Assim que chegou ao salão,curvou-se respeitosamente e começou a fazer elogios:
- Eu estava passando por estas bandas,meu senhor,e achei que era meu dever homenagear o mais poderoso mago da região. Ouvi falar que você consegue se transformar em qualquer animal,mais eu duvido disso.
- Quer ver? - respondeu o mago,irritado com a provocação.
Em um instante,no lugar do mago estava um leão rugindo,com sua grande bocarra. O gato levou um susto tão grande que por pouco não cai pra trás!
- E agora,está convencido seu gato?
- Bem senhor,até certo ponto...Não deve ter sido tão difícil,grandalhão como é,tranforma-se em um animal grande. Eu só queria ver se conseguiria se transformar em um animal pequeno,como um ratinho,por exemplo. Que tal? Consegue?
- Eu consigo me transformar em qualquer animal,ouviu bem? - gritou o mago.

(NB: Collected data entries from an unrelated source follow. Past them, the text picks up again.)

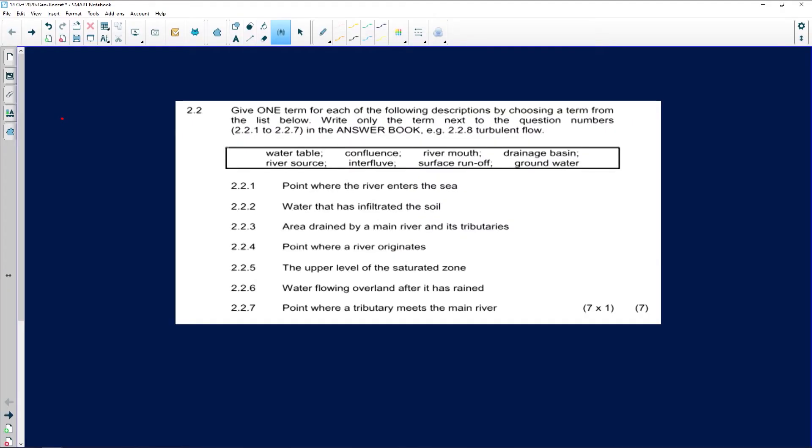My first question I got from Zekule Mina, and she asked us about geomorphology. If you look at question 2.2, it's just short answer questions. The question states: give one term for each of the following descriptions by choosing a term from the list below.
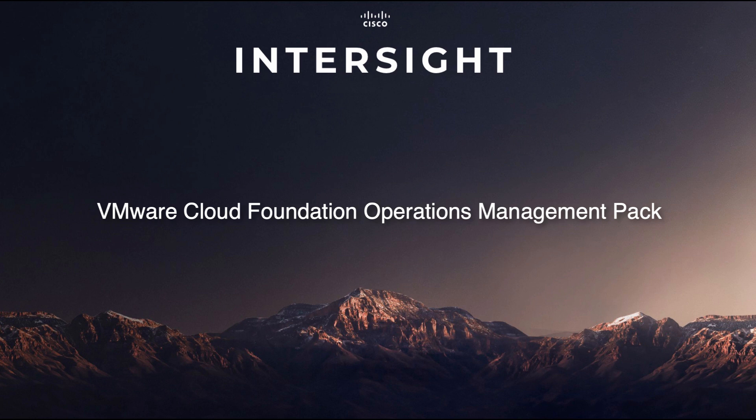Hi, I'm David Sofer, and today I'll be going through an overview of Cisco Intersight's VMware Cloud Foundation, or VCF, Operations Management Pack.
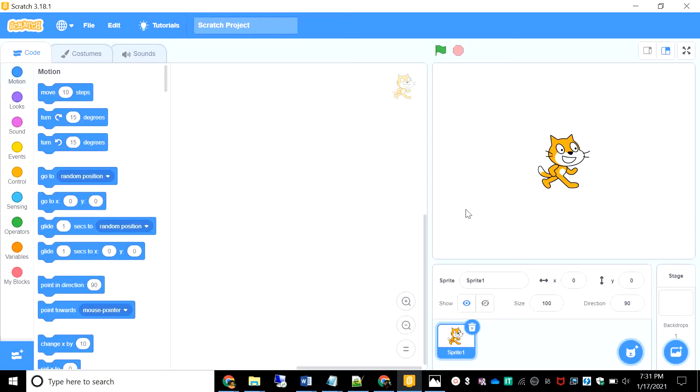Hi friends, welcome back to Scratch It. My name is Zindan Manoj and in today's video, we learn how to add a high score to your games.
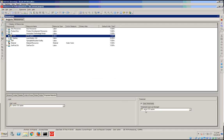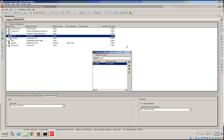You can also assign a timesheet approving manager. In this case, it will be the same manager since there's only one user.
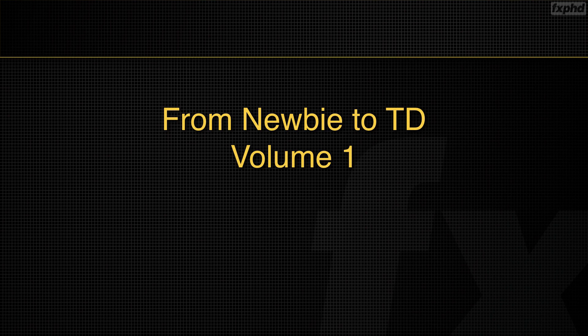Hey guys, Hugo Leveille here and welcome to my new training series from Newbie to TDs.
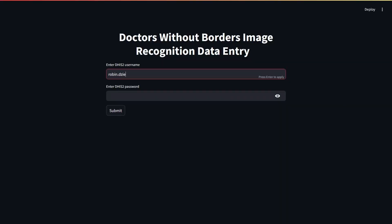To log into the tool, you need to use your credentials for DHIS2, the Doctors Without Borders medical database.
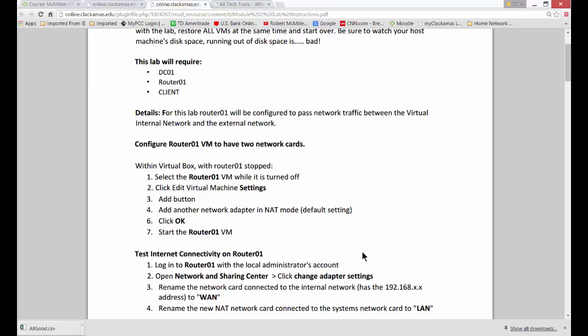So what we're going to do is we're going to turn our router server into a router where we will pass our traffic from DC01 through our router server right out to the internet.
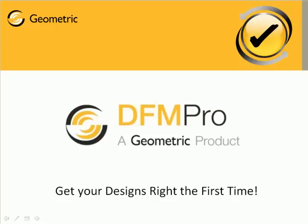Welcome to the presentation on DFM PRO Product Overview. In this presentation, we will see how DFM PRO helps you to get your designs right the first time.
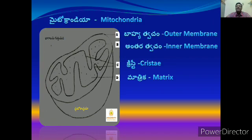Here we are going to do the energy currency — ATP — and we are going to talk about the energy currency.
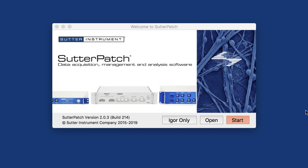This is a walkthrough of Sutterpatch data acquisition, management, and analysis software. We are now at version 2.203, and I will give you an introduction — walking you through the general look and feel of the data, how you can navigate through the data, zoom in, zoom out, visualize the data, and then I will show you how you can acquire data and do certain types of analysis to give you an overview of some of the program features.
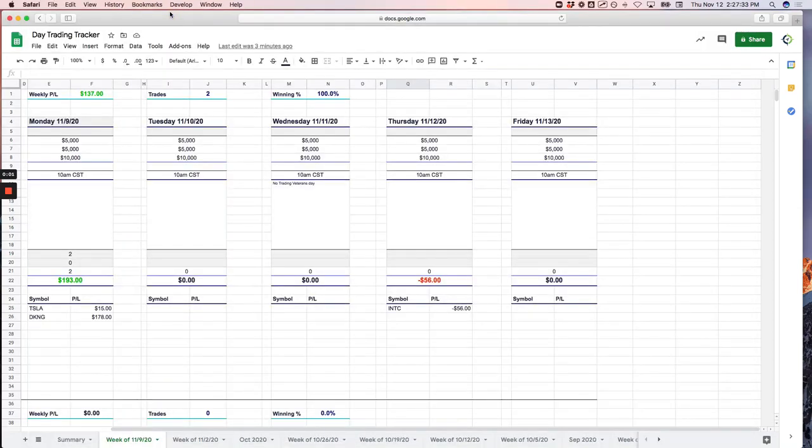Everyone, welcome to today's day trading recap. Brutal day for me today, minus $484. It was actually worse than that, and I made a little bit up. But let's go through these and check it out.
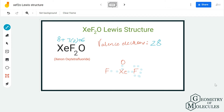Each fluorine atom already has two valence electrons from bonding, so it just needs six more to complete its octet. We fill the octets of the fluorine atoms by placing six valence electrons around each. The same applies to the oxygen atom, so we place six valence electrons around it as well. Now we are left with only four valence electrons, and since fluorine and oxygen have complete octets, we place these four electrons on xenon, which can accommodate more than eight valence electrons.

E logo virou um ratinho,que começou a correr veloz pela sala toda. Com toda sua astúcia,o gato devorou-o numa só bocada!
A carruagem real já estava chegando ao castelo. O rei,curioso,quis visitá-lo.
O marquês de Sacobotas nem sabia o que fazer. Por sorte,o gato logo apareceu,cumprimentando:
- Bem-vindo,majestade,ao castelo do marquês de Sacobotas.
O rei ficou admirado.
- Oh! Não me diga,marquês,que este belo castelo lhe pertence? E não falava nada,hein?
O rei entrou no castelo,acompanhado pelo marquês e pela princesa. No salão principal do luxuoso castelo havia uma mesa comprida,na qual qual já estava servido um maravilhoso banquete. Os recém-chegados,inclusive o gato,comerãm e beberam a fartar,satisfazendo a fome após tão longo passeio.
No final da refeição,o rei,que já estava percebendo os olhares apaixonados da filha para o jovem marquês,tão rico e tão belo,disse:
- Meu caro marquês,vejo que minha filha tem por você muito amor. Se sentir o mesmo por ela,então ofereço-lhe sua mão.
Não cabendo em si de felicidade,o jovem logo respondeu que sim.
Naquele mesmo dia foram celebradas as bodas,e o filho do lavrador se tornou príncipe.
E o gato, autor de tanta fortuna? Ele se tornou um senhor...E,se de vez em quando caçava algum rato,era por pura diversão.